I recently ran into an issue on an Ubuntu 24.04 server where the system would intermittently hang and become unresponsive. Checking /var/log/syslog
, it seems the onboard Intel network card was the problem.
May 14 01:38:09 server-1 kernel: e1000e 0000:00:1f.6 eno1: Detected Hardware Unit Hang:
...
May 14 01:38:25 server-1 kernel: workqueue: e1000_print_hw_hang [e1000e] hogged CPU for >13333us 4 times, consider switching to WQ_UNBOUND
This repeats every 2 seconds, filling the logs and hogging CPU time. The NIC in question is using the e1000e
driver for the onboard Intel Ethernet controller. This is a known issue with certain Intel NICs and the e1000e
driver. The kernel repeatedly reports a “Hardware Unit Hang” when the NIC’s transmit queue stalls. Apparently, it is more often see this after the system has been up for a while, usually under I/O or network load. Power-saving features and offloads like ASPM and TSO seem to trigger or worsen it.

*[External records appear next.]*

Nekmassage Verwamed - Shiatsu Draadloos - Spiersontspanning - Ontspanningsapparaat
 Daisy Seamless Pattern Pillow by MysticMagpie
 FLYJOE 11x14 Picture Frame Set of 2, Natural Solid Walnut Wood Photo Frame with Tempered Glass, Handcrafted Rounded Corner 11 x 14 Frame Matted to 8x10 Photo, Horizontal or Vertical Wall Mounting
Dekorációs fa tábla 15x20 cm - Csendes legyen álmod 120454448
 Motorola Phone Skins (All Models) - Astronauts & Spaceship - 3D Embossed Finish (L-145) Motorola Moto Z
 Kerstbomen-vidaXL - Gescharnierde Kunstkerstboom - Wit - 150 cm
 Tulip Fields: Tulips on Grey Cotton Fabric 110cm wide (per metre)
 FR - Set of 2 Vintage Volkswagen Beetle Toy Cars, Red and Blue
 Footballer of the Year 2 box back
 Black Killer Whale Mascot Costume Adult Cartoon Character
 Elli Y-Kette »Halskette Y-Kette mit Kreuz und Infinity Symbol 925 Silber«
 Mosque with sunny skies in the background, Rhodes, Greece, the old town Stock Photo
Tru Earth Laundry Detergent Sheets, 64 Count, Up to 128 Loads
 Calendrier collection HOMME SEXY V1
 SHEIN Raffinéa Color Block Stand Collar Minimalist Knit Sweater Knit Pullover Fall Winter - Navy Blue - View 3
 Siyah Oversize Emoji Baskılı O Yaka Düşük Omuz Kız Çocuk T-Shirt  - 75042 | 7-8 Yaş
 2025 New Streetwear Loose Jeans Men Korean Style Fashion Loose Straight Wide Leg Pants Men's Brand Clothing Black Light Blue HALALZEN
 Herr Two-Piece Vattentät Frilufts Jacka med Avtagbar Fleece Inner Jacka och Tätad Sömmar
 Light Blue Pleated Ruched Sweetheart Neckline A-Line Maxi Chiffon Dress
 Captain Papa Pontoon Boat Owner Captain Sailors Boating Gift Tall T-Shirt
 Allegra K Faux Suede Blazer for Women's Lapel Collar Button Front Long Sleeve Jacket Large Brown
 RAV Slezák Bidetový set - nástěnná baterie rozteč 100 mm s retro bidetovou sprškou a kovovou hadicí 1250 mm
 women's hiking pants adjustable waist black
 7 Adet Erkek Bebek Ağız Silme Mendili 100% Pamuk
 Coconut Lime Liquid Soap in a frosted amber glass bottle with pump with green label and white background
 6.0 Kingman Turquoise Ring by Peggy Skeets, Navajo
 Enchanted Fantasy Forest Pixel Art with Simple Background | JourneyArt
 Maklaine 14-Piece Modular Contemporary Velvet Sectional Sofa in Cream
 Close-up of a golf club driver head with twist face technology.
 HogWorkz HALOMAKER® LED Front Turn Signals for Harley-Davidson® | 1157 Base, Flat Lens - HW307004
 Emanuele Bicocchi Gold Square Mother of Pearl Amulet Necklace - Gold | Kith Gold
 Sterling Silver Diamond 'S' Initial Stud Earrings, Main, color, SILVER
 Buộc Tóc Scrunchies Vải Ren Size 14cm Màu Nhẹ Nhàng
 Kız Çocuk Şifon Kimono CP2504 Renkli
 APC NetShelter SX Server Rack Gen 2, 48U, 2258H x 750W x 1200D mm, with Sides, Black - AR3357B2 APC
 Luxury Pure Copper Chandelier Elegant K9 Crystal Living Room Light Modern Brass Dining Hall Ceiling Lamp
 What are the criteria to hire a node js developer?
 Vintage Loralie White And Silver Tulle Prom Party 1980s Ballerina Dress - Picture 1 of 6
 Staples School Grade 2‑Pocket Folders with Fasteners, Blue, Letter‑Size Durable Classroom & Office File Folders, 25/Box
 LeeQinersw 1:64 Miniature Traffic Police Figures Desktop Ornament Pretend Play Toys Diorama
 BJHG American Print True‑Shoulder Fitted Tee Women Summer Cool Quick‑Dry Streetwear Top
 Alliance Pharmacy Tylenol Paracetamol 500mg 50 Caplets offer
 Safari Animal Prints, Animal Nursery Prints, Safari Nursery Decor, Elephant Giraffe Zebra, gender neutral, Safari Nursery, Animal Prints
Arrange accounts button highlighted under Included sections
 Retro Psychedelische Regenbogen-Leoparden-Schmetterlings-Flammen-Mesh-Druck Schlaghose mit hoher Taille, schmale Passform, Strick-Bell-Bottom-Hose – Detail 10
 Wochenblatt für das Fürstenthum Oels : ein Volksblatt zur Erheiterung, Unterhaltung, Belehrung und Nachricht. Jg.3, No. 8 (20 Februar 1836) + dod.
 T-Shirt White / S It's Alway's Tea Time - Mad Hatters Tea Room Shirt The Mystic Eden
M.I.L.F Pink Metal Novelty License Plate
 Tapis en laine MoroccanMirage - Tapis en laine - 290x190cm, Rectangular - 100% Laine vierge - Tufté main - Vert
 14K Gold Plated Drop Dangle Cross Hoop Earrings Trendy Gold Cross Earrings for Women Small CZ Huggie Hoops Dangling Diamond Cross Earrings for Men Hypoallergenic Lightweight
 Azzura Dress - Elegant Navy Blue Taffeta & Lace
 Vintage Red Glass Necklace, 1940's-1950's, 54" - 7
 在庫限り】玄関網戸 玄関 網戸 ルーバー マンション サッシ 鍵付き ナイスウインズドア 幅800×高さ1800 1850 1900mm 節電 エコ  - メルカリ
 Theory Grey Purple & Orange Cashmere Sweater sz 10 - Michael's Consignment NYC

Fixing e1000_print_hw_hang
1. Disable TSO (TCP Segmentation Offload)
This stops the NIC from offloading TCP segmentation — which can misbehave on this driver.
sudo ethtool -K eno1 tso off
But this won’t persist after reboot, so we’ll make it stick with a systemd
service…
Make TSO Setting Persistent with systemd
Create a service file:
sudo nano /etc/systemd/system/disable-tso.service
Paste this in:
[Unit]
Description=Disable TSO on eno1
After=network.target
[Service]
Type=oneshot
ExecStart=/sbin/ethtool -K eno1 tso off
RemainAfterExit=yes
[Install]
WantedBy=multi-user.target
Enable it:
sudo systemctl daemon-reexec
sudo systemctl enable disable-tso.service
Optional: start it now without rebooting:
sudo systemctl start disable-tso.service
2. Disable PCIe ASPM via GRUB
Edit the GRUB config:
sudo nano /etc/default/grub
Find this line:
GRUB_CMDLINE_LINUX_DEFAULT="quiet splash"
And change it to:
GRUB_CMDLINE_LINUX_DEFAULT="quiet splash pcie_aspm=off"
Then update grub:
sudo update-grub
After these changes, the e1000e
driver should became stable again.